The Adventure reached Africa in five weeks. It took the captain four months of cruising along the coast to acquire 62 slaves, along with rice, pepper, palm oil and gold dust. Fifty-eight captives survived, and they were sold in Granada for between 35 and 39 pounds. The ship’s owners received a 5 percent return on their investment. Such voyages were common in Rhode Island. Slave-trading voyages produced profits from 2 to 10 percent. Most voyages yielded returns of 5 or 6 percent. And while these profit margins may seem low by contemporary investment standards, investments in the Atlantic slave trade were less risky and more liquid and needed less time to garner returns than all other forms of possible investment in the 18th century.
But it isn’t just the transfer of captives from Point A to Point B. The Atlantic slave trade creates a whole other economy within itself, and especially in relation to the bilateral trade between the Northern colonies and the West Indies. It’s important that we think about the wider implications of the West Indian and Atlantic slave trades.
Shipbuilders, sailors, corkers, sailmakers, carpenters, blacksmiths, painters, stevedores were all employed by the West Indian and Atlantic slave trades. Coopers made barrels that stored the rum which was exchanged for enslaved people, who were sold throughout the Americas. Clerks, scribes and warehouse overseers conducted the business of the trade. Outfitting even the smallest ship required a small army of tradesmen.
African slave-trading voyages also required additional crew to control and manage the human captives, usually twice as many than a commodity’s trade. Merchants, many of whom were slave traders, paid significant taxes to the cities for public works. For example, the duties collected on the purchase and sale of enslaved people in Rhode Island were used to pave the streets of Newport. So whether or not you owned a slave, you benefited from the business of slavery.
In the classroom, I’ve given my students the bare-bones information about the sloop Adventure. And then I ask them, “What else can we learn about how the economy and society functioned in order for this transaction to have taken place?” And for the most part, students get it almost immediately. They say, “Well, somebody had to build the ship.” Okay, so we’ve got shipbuilders and carpenters and they’re like, “Well, someone had to load the ship.” And where did they get the stuff from that was on the ship? So that’s local farmers.
And then they think about, “Well, where did we get the rum from?” Well, the rum came from local distilleries. And then, they begin to start to understand that an entire economy was caught up on that ship, from tradesmen to distillers, to merchants, to farmers.
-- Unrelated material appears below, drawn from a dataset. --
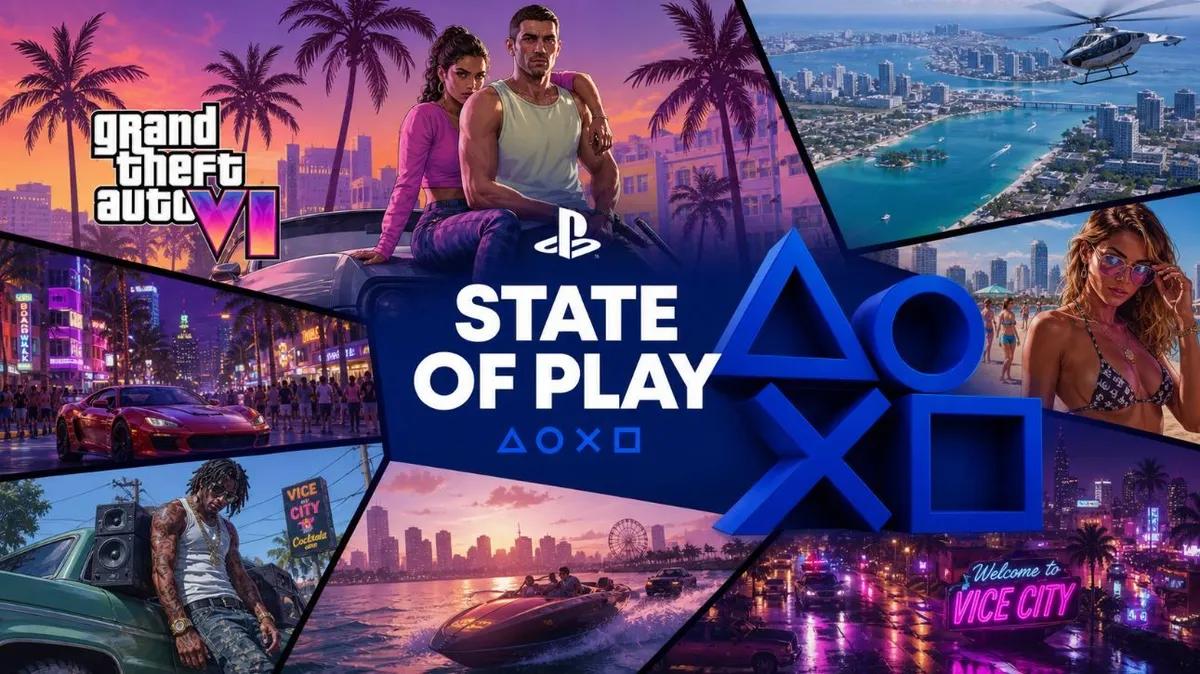 GTA 6 Trailer 3 ryktas dyka upp på nästa PlayStation's State of Play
And then, they start thinking about, “Okay, who’s on that ship and what kind of food are they eating, and is this a food they’re familiar with?”
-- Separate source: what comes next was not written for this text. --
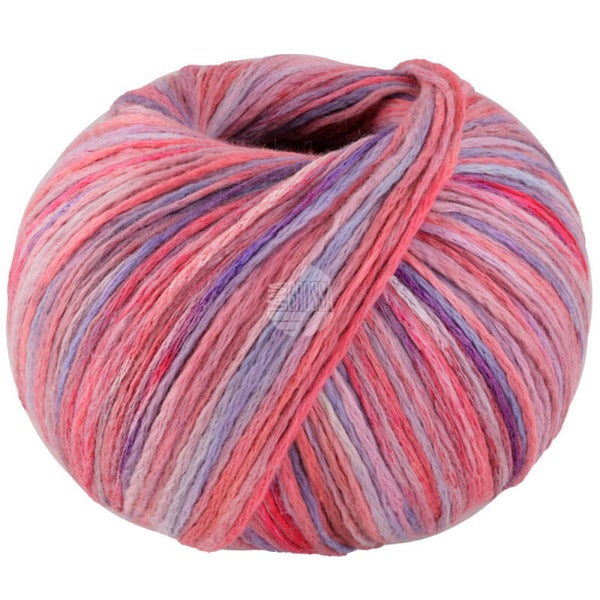 Lichtrood/paars/mint/paars ( Cotonella Multi ) 102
“And then, they get sold to a place that they know nothing about, to do work they’ve never done before. And then that ship comes back home to Rhode Island to do it all over again.” Something that a student pointed out to me once was that he tended to think about a profession like a blacksmith in a rather benign way. These ships are outfitted with dozens and dozens of shackles. And when you examine how the sloop Adventure made its money, shackles become incredibly important. That’s how you kept the people bound who were later sold.
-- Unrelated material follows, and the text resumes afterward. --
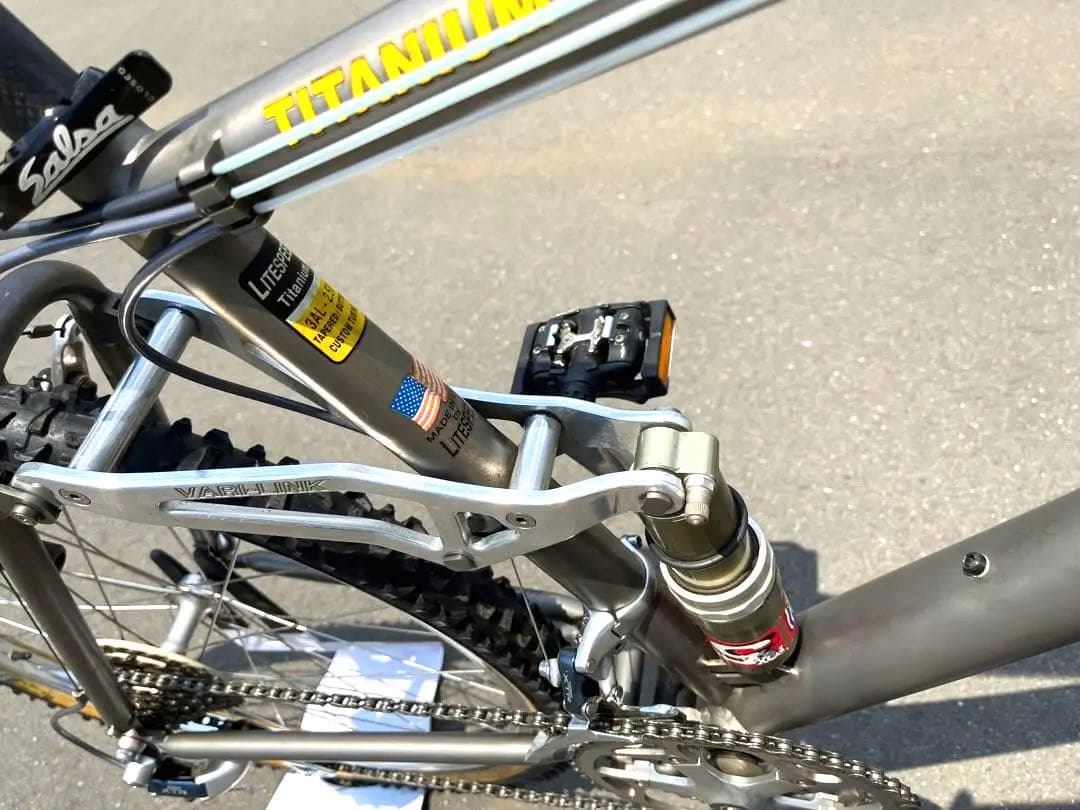❣️OLD MTB LITESPEED OCOEE FS ライトスピードチタニウム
So I give them the bare bones and then ask them, “What does it tell us about our society? What does this tell us about our economy?” And they also get the social component of it; that this is a place where holding certain people as property is normative, acknowledged and respected. Slave traders were not maligned. They were elites, and so it tells us a lot about how a society functioned.
There was slave labor in the North from the colonial period through the American Revolution. Slaveholding was socially acceptable, legally sanctioned and widely practiced in the North. But after the American Revolution, slavery, as an institution, slaveholding as a practice, begins to fall apart in the North. Slavery dies out in these places. The primary reason is the business of slavery was always more important in the North than slave labor itself, and most Northerners are opposed to slavery’s expansion, not its existence.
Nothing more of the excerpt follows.